Por fim, a identificação por aloenzimas de espécimes vindos do campo (incluindo ninfas)
tem sido fundamental no desenvolvimento de investigações eco-epidemiológicas meticulosas.
Após a definição de marcadores aloenzimáticos para várias espécies e populações, Noireau e
colaboradores investigaram profundamente os ecotópos, o comportamento e a significância
epidemiológica de vários triatomíneos bolivianos (Noireau et al. 1998, 1999a, 2000a, b, Noireau
& Dujardin 2001). Descoberta importante foi o achado de focos silvestres de T. infestans são
muito mais amplos do que se acreditava, estendendo dos planaltos Andinos as áreas do Chaco
boliviano (Noireau et al. 2005).
A interpretação evolutiva de dados aloenzimáticos tem sido feito mediante a
interpretação do relacionamento direto entre zimogramas e genes. Relações filogenéticas
podem ser investigadas através da comparação de medidas de distância genética derivadas de
freqüências alélicas (e.g., Nei 1972). Análises cladísticas se baseiam na capacidade de
identificação dos estados primitivos (plesiomórfico) e derivado (apomórfico) dos caracteres do
grupo estudado mediante comparação com um ‘grupo de fora’ (outgroup); somente caracteres
derivados e compartilhados (sinapomórficos) são usados nas inferências filogenéticas (Avise
1994, Thorpe & Solé-Cava 1994). Com base nessas premissas, o relacionamento filogenético
de vários grupos de triatomíneos tem sido explorado usando aloenzimas. Esses estudos, em
geral, envolvem a avaliação de distâncias genéticas entre poucas espécies proximamente
relacionadas (e.g., García et al. 1995, Pereira et al. 1996b, Solano et al. 1996, Panzera et al.

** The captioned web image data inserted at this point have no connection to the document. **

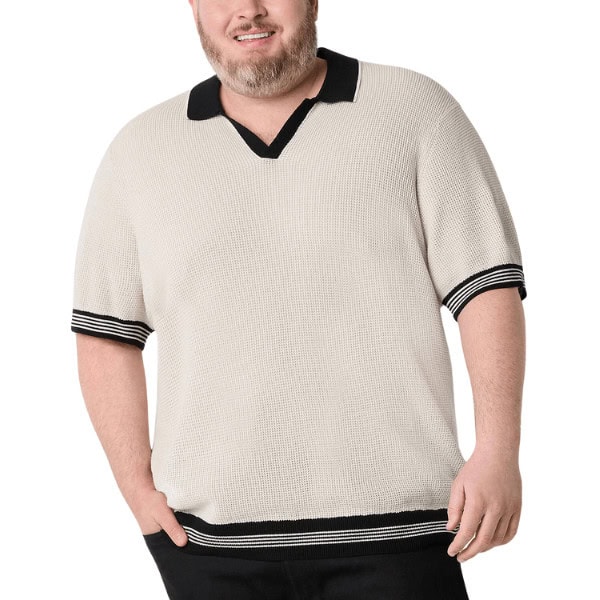 Big and Tall Short Sleeve Pullover Sweater Polo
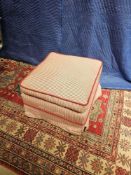 Footstool Upholstered In Candy Stripe Material With Pining Details Raised On Castors 55 X 55 X 40cm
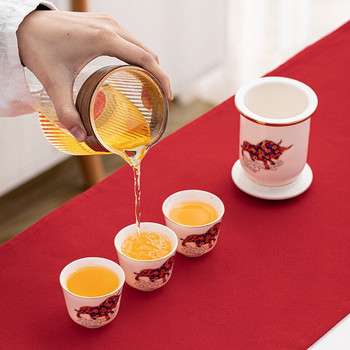 2021 Нов китайски преносим сервиз за чай, керамичен, 1 тенджера, 2 чаши, сервиз за чай за пътуване, чаши, чанта за съхранение, комплект за чай, топлоизолационен контейнер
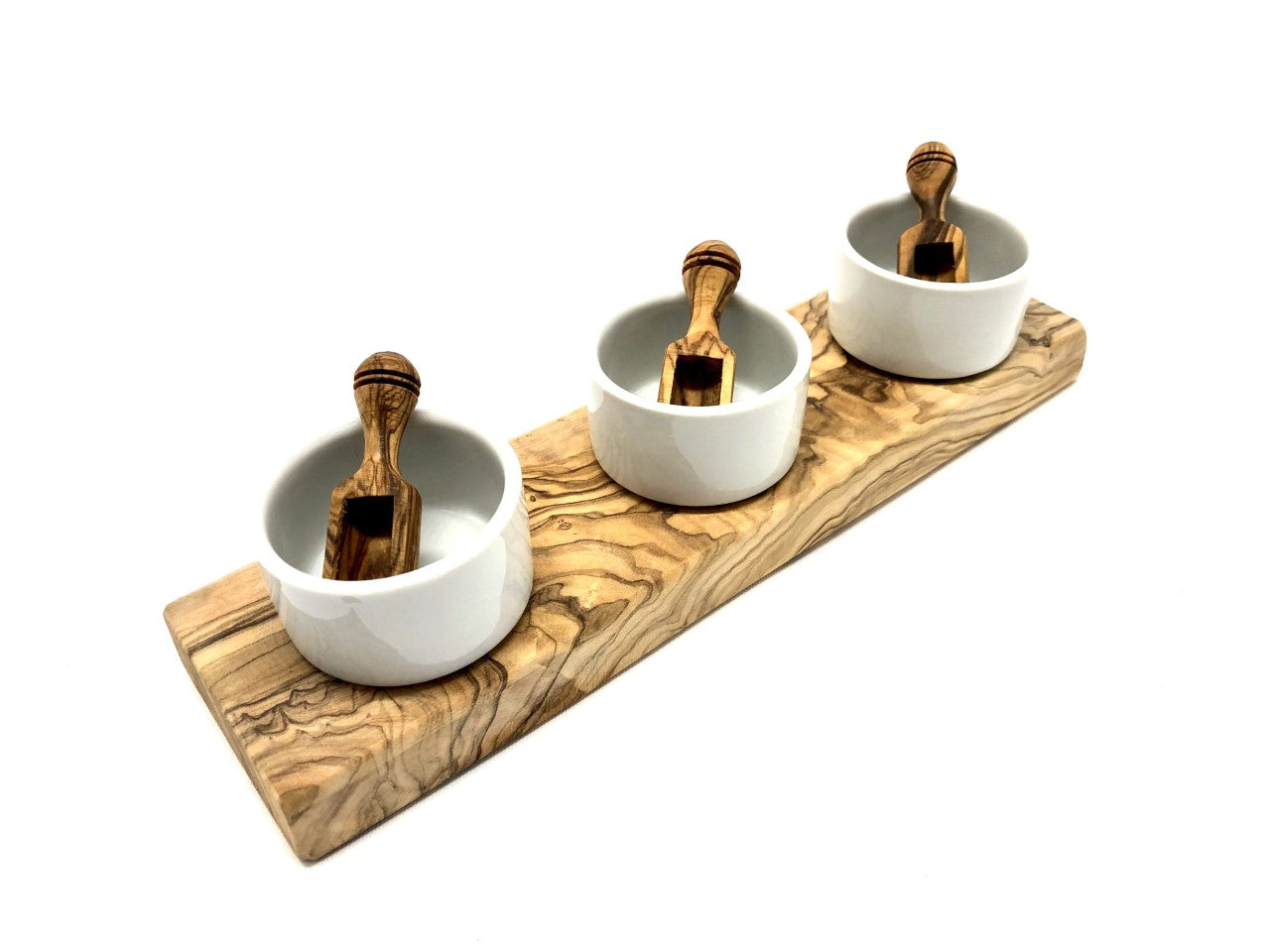 3er Salzschälchen-Set mit Schippchen und Tablett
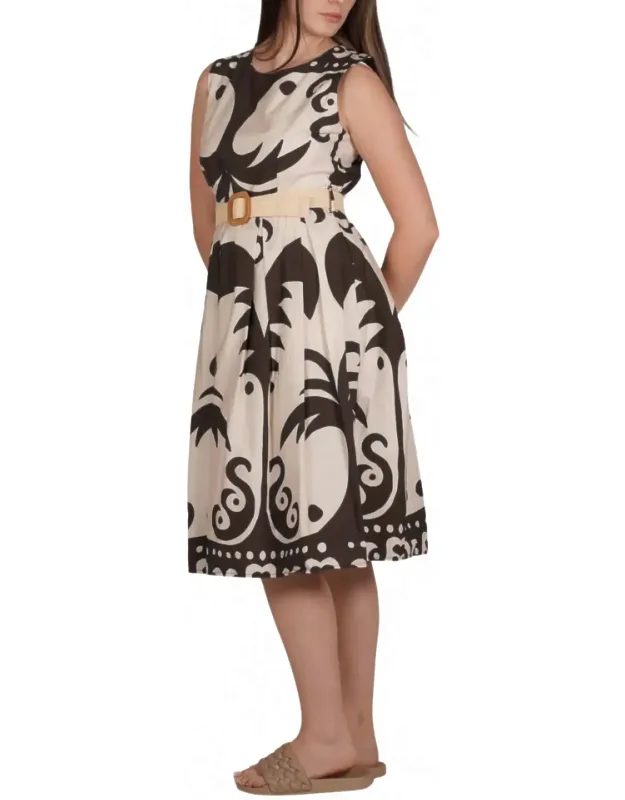 Boat Neck Belted Floral Midi Dress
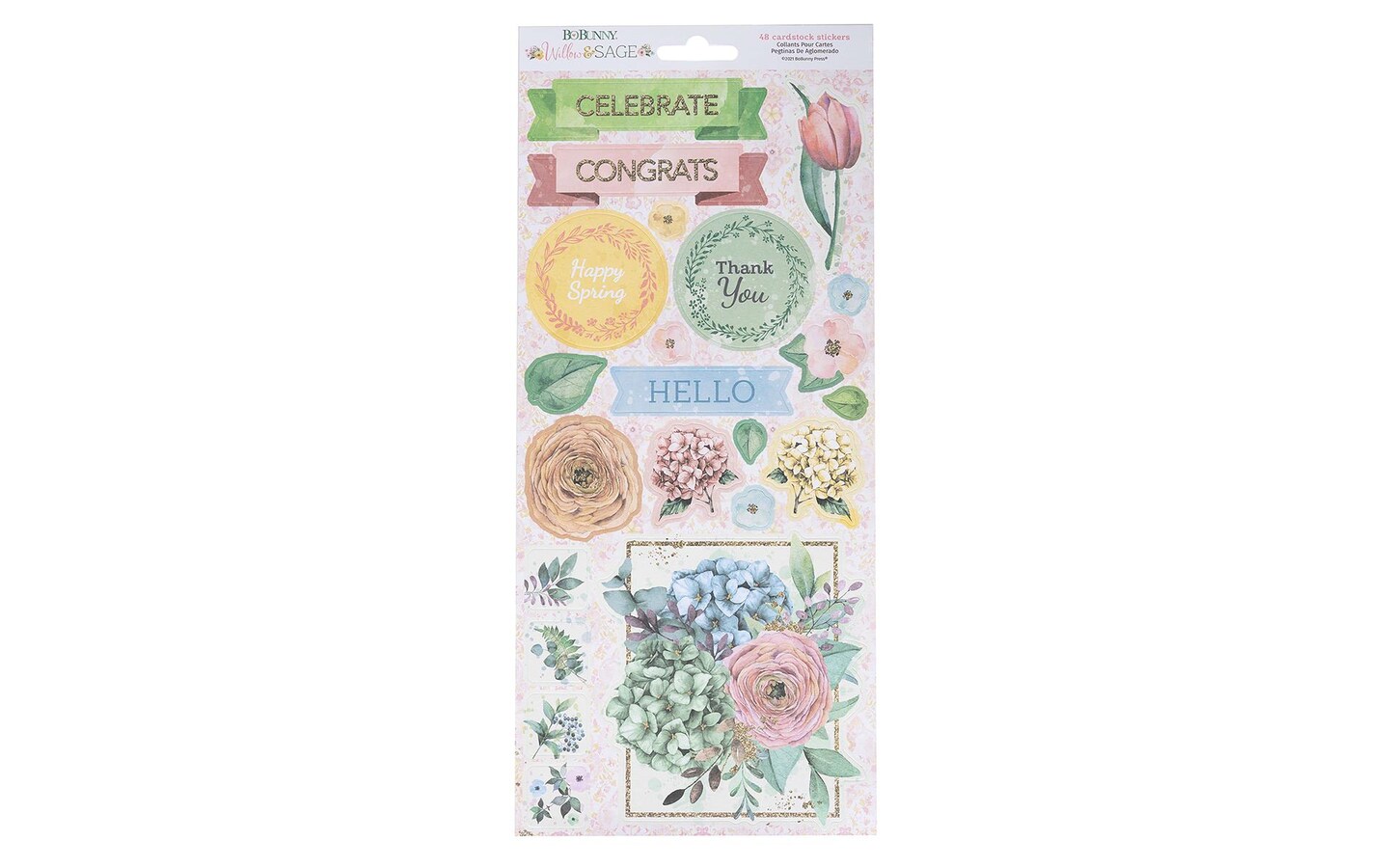 Bo Bunny Willow &#x26; Sage Sticker 6x12 Cardstock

1997, Flores et al. 2001), mas investigações mais completas foram realizadas com membros da
tribo Rhodniini. Usando técnicas fenéticas três agrupamentos principais foram identificados
dentro do gênero Rhodnius: um grupo basal (pallescens (ecuadoriensis-colombiensis)) e dois
grupos irmãos (prolixus (nasutusneglectus)) e (stali (pictipes-brethesi)) (Chávez et al. 1999). A
maior parte desses relacionamentos foi confirmada por análises cladísticas, embora o grupo
(brethesi (pictipes-stali)) tenha aparecido como o mais basal no cladograma; a posição de
Psammolestes coreodes dentro da tribo não pôde ser resolvida satisfatoriamente (Dujardin et
al. 1999a). Mais recentemente, a filogenia de Rhodniini foi estudada usando-se 12 loci
enzimáticos. Análises de distância genética produziram um dendrograma mostrando a parafilia
de Rhodnius, com Psammolestes tertius como grupo irmão do ‘grupo prolixus’ dentro do cluster
(domesticus (Ps. Tertius (nasutus-neglectus) (prolixus-robustus))). Um segundo grupo era
constituído de (pictipes (brethesi (pallescens-ecuadoriensis))) (Monteiro et al. 2002).